I activated everyone I thought may be useful in the next 30-minutes including the cardiac surgeons, an ICU nursing team setting up for an arrest or a bedside chest-opening, the thoracic surgeon specializing in ECMO, and the cardiac anesthesiologists and their OR teams to prepare to get the patient to the OR. Thankfully, with the first interventions we got to a stable BP and – although it dropped precipitously one more time – we were able to get the patient to the operating room to have their chest open, left open, and offload the chest-wall pressure on the heart, to work slowly on fixing the heart over the upcoming days.
We rounded on the patient later that day, and my resident was working through things just like another routine presentation on rounds (interval events, examination, relevant labs, and so on), and the nurse was listening patiently, and I realized that something was lost here. While not one of us individually saved this person’s life, we all had saved them together. This wasn’t an average day, and it wasn’t a my-job-is-so-stressful and I hate it sort of day. This was a day that we saved someone’s life. I paused rounds and said “We need to take a moment. I just want to point out that we all saved someone’s life. Pause and think about that. The whole reason we put up with shift-work, administrative rules, and stress and the reason we work so hard and read so much for these patients just happened. What we do is really special, and we should be really happy, and really proud of ourselves.”
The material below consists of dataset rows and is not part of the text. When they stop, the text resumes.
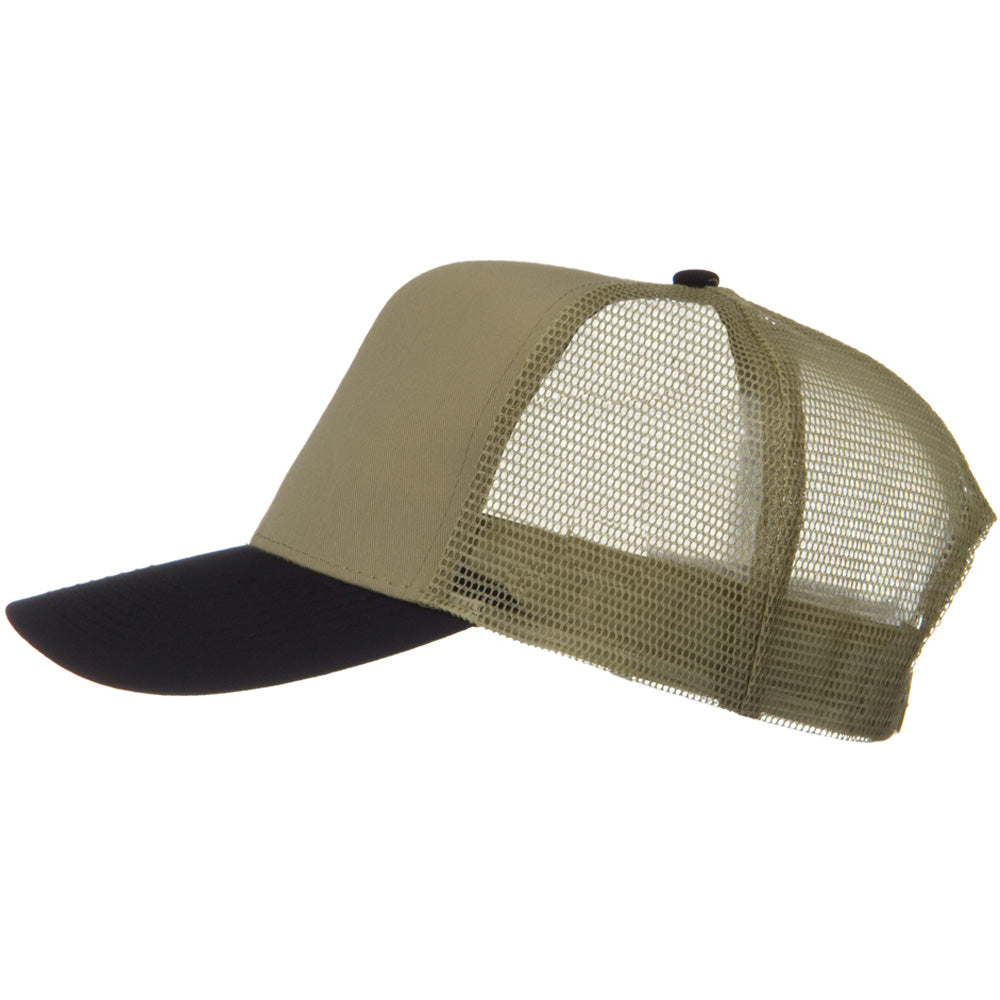 Two Tone Cotton Twill Mesh Prostyle Cap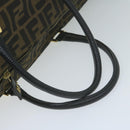 FENDI Zucca Canvas Boston Bag Brown Black Auth yk8493-7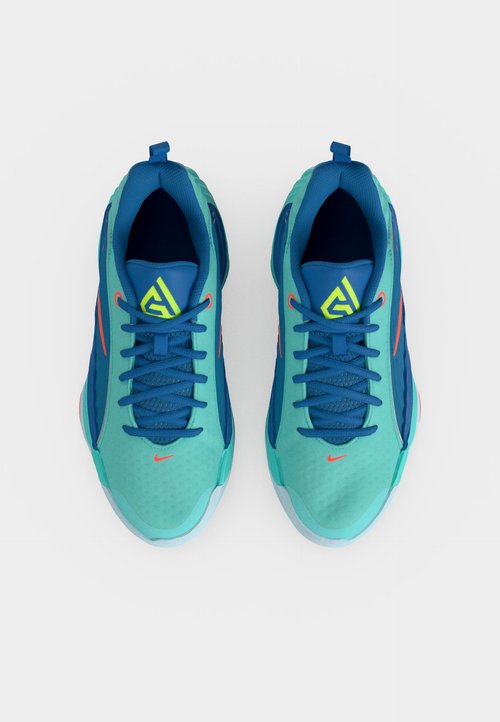 Nike GIANNIS IMMORTALITY 5 UNISEX - Basketball shoes - hyper turquoise/hyper orange/star blue/black/volt — photo 5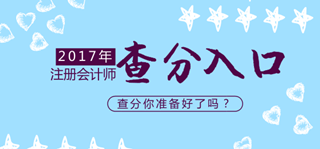 2017年注册会计师考试各地成绩查询入口汇总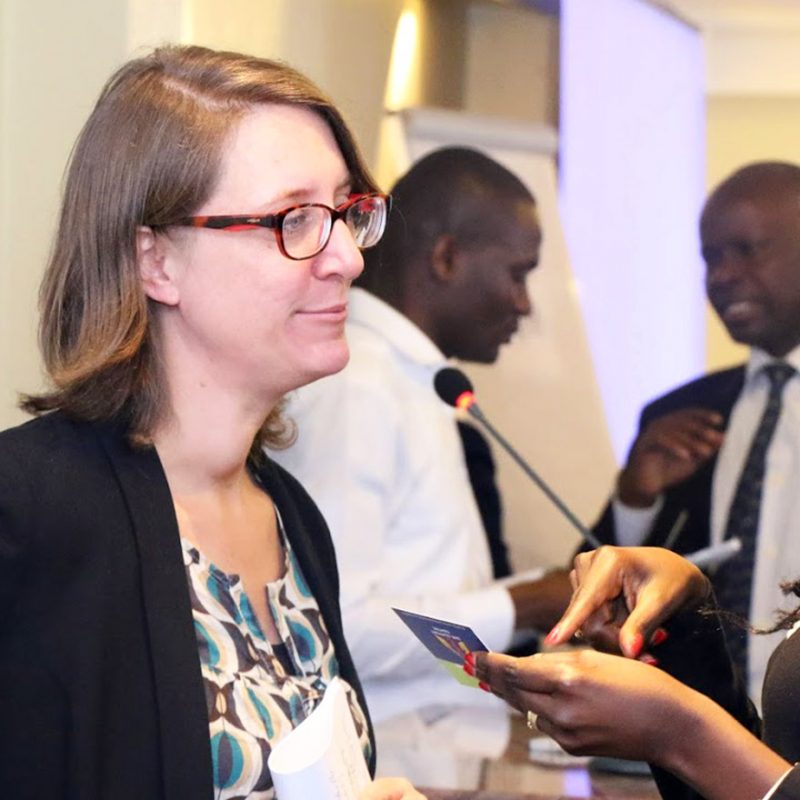 Jenny in discussion at event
Too frequently in the massive learning requirement of medical school, and the constant emphasis on us “as a team,” and on learning and test-taking and the like, we forget that what we do is really, truly awesome. We also are constantly told to be humble. Physicians (or anyone else, probably, I just know my world) who claim they saved someone are viewed as arrogant. I’m not sure why that is. Kids are taught to be proud of their accomplishments. “I’m a really good singer,” my daughter said to me the other day – “Yes you are, I love listening to you, great job!” I replied. That pride isn’t always negative in adults, either!
And really, it sometimes is just as good as we thought it would be when we wrote our personal statements. And yes, I was just one part of the team, but I led the critical care team that saved someone’s life. The surgeon who brought them to the OR fixed a situation that was deteriorating and also saved the patient’s life. Neither the patient nor their family will ever know it was me, or my team, but I went home and told my wife that I helped save someone that day. And I was proud of myself, and happy that I picked this profession. Sometimes it all sucks, and sometimes the stress is overwhelming, or the constant fatigue makes me nauseas. But sometimes – just sometimes – I get to save someone’s life. Pretty cool.